Aí, quando ninguém não viu, eu saquei a mochila, desfiz a ponta de faca as
costuras, e entreguei a ele o mimo, com estilo de silêncio para palavras.”
Diadorim
fica surpreso e, literalmente, de boca aberta. Mas, quase de imediato, recua e
se endurece.
“Diadorim
entrefez o pra-trás de uma boa surpresa, e sem querer parou aberto com os lábios
da boca, enquanto que os olhos e olhos remiravam a pedra-de-safira no covo de
suas mãos. Ao que, se sofreou no bridado, se transteve sério, apertou os beiços;
e, sem razão sensível nem mais, tornou a me dar a pedrinha, só dizendo:
–
“Deste coração te agradeço, Riobaldo, mas não acho de aceitar um presente
assim, agora. Aí guarda outra vez, por um tempo. Até em quando se tenha
terminado de cumprir a vingança por Joca Ramiro. Nesse dia, então, eu
recebo...””
Ele
não se pode permitir o amor enquanto guarda o dever de vingança. Riobaldo pela
primeira vez tenta convencer Diadorim a deixar o cangaço.
“–
“Escuta, Diadorim: vamos embora da jagunçagem, que já é o depois-de-véspera,
que os vivos também têm de viver por só si, e vingança não é promessa a Deus,
nem sermão de sacramento. Não chegam os nossos que morremos, e os Judas que
matamos, para documento do fim de Joca Ramiro?!””
Foi Diadorim
ouvir e retrucou, com dureza:
“–
“Riobaldo, você teme?””
Riobaldo
diz que não se ofendeu e parece decidido no que pensa. Mas logo adiante mostra
que ficou ofendido, sim. E Diadorim tenta chamá-lo ao compromisso antes
assumido, de vingar a morte de Joca Ramiro.
“–
“Tem que temerei! Você, aí faz o quem seu querer esteja. Eu viro minha boa
volta...”
Dar o
mal por mal: assim. Eu tinha a quanta razão. Eu guardei a pedrinha na
algibeira, depois melhor botei, no bolso do cinto; contei minhas favas,
refavas. Diadorim respirava muito. Dele foi o relance:
–
“Riobaldo, você pensa bem: você jurou vinga, você é leal. E eu nunca imaginei
um desenlace assim, de nossa amizade...””
Há
diferenças importantes entre fidelidade e lealdade. Somos fieis a normas. Somos
leais a vida. Fidelidade é estar preso a uma norma ou combinado sem que as
condições razoáveis para a manutenção do acordo ainda existam. Lealdade nunca é
a alguém específico, mas a uma proposta ou condição que remeta àquilo que é
vitalizado.
Os
dois conceitos se relacionam diretamente aos conceitos de coerência e consistência.

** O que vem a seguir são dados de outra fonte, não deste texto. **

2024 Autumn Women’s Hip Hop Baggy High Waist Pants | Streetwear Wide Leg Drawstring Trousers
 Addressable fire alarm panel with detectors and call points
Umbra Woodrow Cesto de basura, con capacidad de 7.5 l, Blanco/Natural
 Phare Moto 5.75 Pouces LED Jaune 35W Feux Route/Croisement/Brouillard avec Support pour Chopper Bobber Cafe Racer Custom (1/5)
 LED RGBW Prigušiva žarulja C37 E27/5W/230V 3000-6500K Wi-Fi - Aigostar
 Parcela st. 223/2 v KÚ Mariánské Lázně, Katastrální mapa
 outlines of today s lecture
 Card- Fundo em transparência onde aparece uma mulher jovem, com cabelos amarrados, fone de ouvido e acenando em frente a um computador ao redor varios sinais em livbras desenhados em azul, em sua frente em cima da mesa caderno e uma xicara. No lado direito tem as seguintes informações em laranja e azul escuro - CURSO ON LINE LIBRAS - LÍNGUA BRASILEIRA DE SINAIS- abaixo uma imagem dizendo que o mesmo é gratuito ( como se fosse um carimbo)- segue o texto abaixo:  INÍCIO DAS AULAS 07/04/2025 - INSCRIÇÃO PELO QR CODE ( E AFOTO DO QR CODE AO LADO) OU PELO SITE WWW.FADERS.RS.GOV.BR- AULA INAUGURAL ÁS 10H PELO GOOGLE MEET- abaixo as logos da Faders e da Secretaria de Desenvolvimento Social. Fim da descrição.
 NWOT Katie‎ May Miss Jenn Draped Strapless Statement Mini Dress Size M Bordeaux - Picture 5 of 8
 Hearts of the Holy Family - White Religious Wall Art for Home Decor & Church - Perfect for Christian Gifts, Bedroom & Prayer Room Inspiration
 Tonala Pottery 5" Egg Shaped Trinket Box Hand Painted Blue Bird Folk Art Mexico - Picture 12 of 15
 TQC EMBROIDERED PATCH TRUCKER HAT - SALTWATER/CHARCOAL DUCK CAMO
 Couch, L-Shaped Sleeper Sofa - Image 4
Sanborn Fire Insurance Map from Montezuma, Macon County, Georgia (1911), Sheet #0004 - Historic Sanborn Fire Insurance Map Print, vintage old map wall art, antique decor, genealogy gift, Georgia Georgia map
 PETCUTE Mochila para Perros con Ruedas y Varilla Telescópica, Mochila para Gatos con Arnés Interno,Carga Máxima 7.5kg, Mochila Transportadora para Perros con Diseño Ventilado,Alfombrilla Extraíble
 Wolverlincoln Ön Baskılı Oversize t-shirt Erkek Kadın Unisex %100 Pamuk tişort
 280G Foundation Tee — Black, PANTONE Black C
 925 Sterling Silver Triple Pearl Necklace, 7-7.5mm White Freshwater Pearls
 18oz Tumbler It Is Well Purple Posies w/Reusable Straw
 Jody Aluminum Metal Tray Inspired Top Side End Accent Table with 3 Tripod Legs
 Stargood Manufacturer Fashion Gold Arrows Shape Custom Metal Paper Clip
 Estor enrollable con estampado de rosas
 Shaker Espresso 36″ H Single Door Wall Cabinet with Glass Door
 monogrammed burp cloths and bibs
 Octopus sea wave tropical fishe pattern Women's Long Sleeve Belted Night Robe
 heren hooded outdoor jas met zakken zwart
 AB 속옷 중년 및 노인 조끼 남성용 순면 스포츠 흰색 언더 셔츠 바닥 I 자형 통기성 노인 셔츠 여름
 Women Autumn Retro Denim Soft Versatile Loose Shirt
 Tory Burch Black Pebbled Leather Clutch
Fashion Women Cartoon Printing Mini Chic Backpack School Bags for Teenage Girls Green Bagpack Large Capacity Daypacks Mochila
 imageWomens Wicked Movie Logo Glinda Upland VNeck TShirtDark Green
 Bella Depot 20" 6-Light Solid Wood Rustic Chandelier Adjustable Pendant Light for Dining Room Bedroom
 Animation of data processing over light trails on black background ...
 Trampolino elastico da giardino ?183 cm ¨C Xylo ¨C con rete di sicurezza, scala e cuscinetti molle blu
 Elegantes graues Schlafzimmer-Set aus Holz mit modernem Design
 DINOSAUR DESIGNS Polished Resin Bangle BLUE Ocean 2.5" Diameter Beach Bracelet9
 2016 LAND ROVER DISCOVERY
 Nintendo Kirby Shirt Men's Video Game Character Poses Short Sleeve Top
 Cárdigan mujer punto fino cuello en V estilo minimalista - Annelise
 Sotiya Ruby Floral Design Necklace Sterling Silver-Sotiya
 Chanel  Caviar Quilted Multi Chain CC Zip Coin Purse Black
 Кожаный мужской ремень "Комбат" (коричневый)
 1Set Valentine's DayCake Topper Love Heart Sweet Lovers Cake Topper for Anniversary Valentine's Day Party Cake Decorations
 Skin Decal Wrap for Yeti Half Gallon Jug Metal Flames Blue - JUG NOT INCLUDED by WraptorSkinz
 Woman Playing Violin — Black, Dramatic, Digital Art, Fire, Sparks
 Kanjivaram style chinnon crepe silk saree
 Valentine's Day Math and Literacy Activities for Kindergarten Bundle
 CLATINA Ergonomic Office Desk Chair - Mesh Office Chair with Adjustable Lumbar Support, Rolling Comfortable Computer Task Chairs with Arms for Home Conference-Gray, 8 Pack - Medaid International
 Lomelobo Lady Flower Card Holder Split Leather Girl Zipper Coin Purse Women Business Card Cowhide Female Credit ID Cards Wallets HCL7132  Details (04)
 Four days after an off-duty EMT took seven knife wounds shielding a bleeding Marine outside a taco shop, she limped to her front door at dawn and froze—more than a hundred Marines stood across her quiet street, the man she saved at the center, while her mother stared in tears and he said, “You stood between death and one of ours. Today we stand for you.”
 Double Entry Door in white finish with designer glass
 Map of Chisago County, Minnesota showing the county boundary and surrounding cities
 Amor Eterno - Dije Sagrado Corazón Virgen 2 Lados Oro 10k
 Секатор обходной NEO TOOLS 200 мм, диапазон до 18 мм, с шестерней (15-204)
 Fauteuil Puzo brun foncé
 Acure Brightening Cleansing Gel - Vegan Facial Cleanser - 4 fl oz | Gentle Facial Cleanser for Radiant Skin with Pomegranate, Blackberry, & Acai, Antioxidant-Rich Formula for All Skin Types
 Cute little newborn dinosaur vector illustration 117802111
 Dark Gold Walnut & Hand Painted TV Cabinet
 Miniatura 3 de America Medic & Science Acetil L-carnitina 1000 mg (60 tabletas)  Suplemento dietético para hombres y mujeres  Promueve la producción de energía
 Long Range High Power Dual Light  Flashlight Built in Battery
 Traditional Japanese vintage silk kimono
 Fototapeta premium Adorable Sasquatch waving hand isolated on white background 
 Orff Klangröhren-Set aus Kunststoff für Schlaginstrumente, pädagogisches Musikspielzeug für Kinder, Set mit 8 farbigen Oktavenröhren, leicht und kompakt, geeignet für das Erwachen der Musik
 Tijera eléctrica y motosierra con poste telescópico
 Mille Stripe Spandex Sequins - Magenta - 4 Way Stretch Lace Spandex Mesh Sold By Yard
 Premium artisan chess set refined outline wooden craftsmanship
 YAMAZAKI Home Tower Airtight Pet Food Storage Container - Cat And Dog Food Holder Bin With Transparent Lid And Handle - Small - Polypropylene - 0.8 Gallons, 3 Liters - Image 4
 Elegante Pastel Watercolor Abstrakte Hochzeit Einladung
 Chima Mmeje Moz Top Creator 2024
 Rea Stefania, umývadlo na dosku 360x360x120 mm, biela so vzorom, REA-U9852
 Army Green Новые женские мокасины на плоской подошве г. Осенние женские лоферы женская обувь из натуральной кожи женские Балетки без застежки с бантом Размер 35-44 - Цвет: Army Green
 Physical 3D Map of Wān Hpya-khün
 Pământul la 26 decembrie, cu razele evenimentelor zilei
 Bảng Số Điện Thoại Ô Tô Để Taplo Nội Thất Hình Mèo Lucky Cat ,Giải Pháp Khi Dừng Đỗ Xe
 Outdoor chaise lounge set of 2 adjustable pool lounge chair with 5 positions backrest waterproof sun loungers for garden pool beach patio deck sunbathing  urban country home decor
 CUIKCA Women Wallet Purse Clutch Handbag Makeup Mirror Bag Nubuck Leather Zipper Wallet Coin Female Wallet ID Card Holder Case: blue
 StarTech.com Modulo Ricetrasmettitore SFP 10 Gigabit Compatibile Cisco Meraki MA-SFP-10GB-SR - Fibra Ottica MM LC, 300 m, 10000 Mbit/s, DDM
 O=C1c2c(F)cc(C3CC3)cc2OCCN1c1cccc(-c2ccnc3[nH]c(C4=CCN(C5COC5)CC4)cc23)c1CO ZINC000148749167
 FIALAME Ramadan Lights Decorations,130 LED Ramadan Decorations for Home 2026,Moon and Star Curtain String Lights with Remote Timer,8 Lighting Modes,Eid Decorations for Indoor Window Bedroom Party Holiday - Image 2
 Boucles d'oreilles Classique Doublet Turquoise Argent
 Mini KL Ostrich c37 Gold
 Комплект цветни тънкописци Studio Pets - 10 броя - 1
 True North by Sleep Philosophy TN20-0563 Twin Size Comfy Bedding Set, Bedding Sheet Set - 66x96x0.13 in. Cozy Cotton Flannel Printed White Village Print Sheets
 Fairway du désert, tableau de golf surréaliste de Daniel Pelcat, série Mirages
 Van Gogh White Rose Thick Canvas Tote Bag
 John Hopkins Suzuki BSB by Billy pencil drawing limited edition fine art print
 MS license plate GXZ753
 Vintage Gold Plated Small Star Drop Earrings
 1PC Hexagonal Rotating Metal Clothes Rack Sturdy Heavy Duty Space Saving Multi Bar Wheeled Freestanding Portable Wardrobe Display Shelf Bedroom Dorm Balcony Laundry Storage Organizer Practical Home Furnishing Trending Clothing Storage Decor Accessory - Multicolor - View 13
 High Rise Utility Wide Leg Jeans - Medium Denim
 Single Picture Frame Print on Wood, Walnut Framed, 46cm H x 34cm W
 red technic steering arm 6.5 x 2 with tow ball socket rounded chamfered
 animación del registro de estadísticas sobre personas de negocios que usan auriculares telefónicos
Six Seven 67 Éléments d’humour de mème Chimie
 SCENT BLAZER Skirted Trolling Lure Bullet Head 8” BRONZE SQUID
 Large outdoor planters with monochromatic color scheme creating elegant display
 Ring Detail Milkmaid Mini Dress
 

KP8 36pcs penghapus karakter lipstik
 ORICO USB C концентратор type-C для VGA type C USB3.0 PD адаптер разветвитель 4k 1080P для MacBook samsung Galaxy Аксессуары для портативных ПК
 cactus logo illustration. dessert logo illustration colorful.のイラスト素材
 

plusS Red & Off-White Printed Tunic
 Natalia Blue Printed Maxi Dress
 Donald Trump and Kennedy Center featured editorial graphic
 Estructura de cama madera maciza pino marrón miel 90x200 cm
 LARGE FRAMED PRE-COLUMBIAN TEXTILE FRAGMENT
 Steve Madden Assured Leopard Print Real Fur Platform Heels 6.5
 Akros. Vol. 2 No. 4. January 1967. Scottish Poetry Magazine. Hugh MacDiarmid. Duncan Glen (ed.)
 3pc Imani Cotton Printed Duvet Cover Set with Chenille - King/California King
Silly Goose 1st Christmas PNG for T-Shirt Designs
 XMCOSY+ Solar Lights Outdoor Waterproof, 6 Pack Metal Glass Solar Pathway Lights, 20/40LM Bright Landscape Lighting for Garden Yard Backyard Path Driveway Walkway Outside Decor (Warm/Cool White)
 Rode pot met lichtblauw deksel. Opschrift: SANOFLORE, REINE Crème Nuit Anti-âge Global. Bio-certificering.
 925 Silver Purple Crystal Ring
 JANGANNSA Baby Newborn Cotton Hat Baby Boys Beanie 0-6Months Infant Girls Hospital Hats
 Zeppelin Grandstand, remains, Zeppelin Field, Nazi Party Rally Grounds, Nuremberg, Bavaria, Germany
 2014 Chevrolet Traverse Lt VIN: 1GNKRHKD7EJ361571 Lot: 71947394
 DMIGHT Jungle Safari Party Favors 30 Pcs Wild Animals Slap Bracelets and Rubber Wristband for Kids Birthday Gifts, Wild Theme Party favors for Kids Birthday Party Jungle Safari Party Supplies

Sou coerente em relação às minhas ideias. Sou consistente em relação a minha
vida. Se me aferro demasiadamente à coerência acabo facilmente manipulado: “Mas
não foi isso que você disse antes!” Se sou consistente, simplesmente posso
responder: “mudei”.
As
crianças costumam ser naturalmente consistentes e leais. Se combinarmos com um
sobrinho que levaremos um bombom para ele e, ao chegarmos à sua casa ele
percebe que nos esquecemos, teremos diante de nós uma criança chateada, triste
e provavelmente com raiva. Mas se, no instante seguinte, ela percebe um novo e
interessante chaveiro em nossas mãos e começa a brincar com ele, teremos então
uma criança novamente tranquila e envolvida. Essa aparente instabilidade recebe
o nome adequado de estabilidade emocional. A criança é orientada pela vida. Queria
o bombom. Esse não veio. Ficou chateada, mas não tem jeito. Chaveiro interessante? Dane-se o bombom! Ela é consistente com a vida. Não está nem um pouco
preocupada em se aprisionar a alguma coerência.
Meu
filho - acho que com dois anos - tinha há poucos dias parado de chupar o seu
bico durante o dia, quando me pediu ele de volta.
-
Papai, to com uma saudade do meu bico...
- É meu
filho? Mas você já tá tão grandinho e nós já explicamos que o bico faz os
dentes ficarem doentes...
- É...
Mas to com uma saudade... Deixa só eu matar a saudade. Só um pouquinho... Menor
que um cocô de cupim (devia ser a menor coisa que ele conhecia).
- Só
um pouquinho mesmo?
- É!
-
Então tá. Tá aqui o bico.
Chup, chup, chup........ Alguns minutos
depois...
-
João, já passou o tempinho que combinamos. Me devolve o bico, agora que você já
matou a saudade?
- Papai, mudei de ideia.
Ri demais! Maravilhosamente
consistente e leal a vida, esse meu filho!